(Collection entries)
* * * *
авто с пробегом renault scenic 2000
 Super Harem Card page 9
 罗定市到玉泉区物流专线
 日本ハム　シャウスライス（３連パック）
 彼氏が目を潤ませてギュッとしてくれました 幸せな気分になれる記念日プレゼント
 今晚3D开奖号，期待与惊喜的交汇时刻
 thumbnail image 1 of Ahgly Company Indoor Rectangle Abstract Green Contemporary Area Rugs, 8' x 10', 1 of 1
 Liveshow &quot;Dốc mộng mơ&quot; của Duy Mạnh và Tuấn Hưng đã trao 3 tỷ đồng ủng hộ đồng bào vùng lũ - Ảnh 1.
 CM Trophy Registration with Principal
* * * *
Print the records again, exactly as they stand above.

Answer box ->
авто с пробегом renault scenic 2000
 Super Harem Card page 9
 罗定市到玉泉区物流专线
 日本ハム　シャウスライス（３連パック）
 彼氏が目を潤ませてギュッとしてくれました 幸せな気分になれる記念日プレゼント
 今晚3D开奖号，期待与惊喜的交汇时刻
 thumbnail image 1 of Ahgly Company Indoor Rectangle Abstract Green Contemporary Area Rugs, 8' x 10', 1 of 1
 Liveshow &quot;Dốc mộng mơ&quot; của Duy Mạnh và Tuấn Hưng đã trao 3 tỷ đồng ủng hộ đồng bào vùng lũ - Ảnh 1.
 CM Trophy Registration with Principal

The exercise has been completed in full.